Every product design resume should include some basic information about your professional experience, education, and skills. You should also make it easy for the hiring manager to view your portfolio and contact you to schedule an interview. Improve your chances of landing an interview by making sure your resume includes the following components.
✔️ Contact Information
If a recruiter glances at your resume and likes what they see, it should be easy for them to contact you to schedule an interview. Don't give them a reason to skip to the next person by hiding your contact information at the bottom of your resume or in a separate cover letter. Put your email address right at the top of the first page.
✔️ Work Experience
Here's where you get to tell potential employers about your relevant work experience. Whether you have experience with web design, product management, UI design, or a little bit of everything, it's important to describe your work in terms of the results you achieved for previous employers or clients.
"Created product designs" doesn't sound impressive, but "Designed 12 new products over a 3-year period, bringing in $18 million in revenue" does.
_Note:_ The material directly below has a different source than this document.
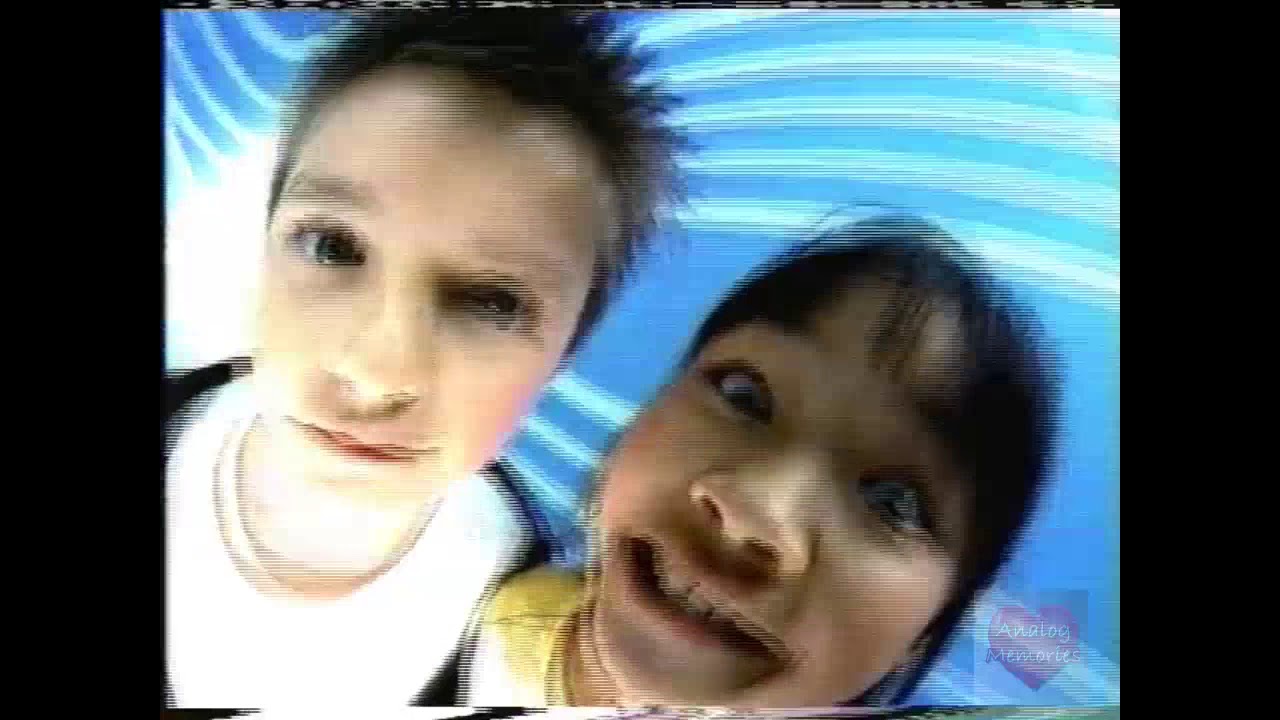 Nestle Wonder Ball Television Commercial 2000 YouTube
If you don't have specific results to report, at least be specific about what you did at each job. "Designed brochures, website layouts, signs, posters, and other marketing materials for a grocery chain with 500 stores" is a bit more descriptive than "Designed marketing materials" or "Assisted with marketing."
If you're applying for an entry-level job after graduating from college, list any internships or work-study positions you held while you were in school. Be as specific as possible about what you did and what you learned.
Pro tip: For each job, list the job title, the employer's name, and your dates of employment. Consider using bulleted lists to organize your job duties and accomplishments. Bullets make it easier for hiring managers to skim your resume and find the information they need.
“Lean on your past case studies to see what wins you can pull that might be worth including in your resume.” — Sarah Doody, UX Career Coach
✔️ Educational Credentials
Not all employers require a degree, but you may have an edge over other applicants if you list one on your resume. For each degree or certificate program you completed, list the name of the educational institution, the dates you attended, and the full name of the degree. If you're still in school and don't have much work experience, list some of your most relevant courses.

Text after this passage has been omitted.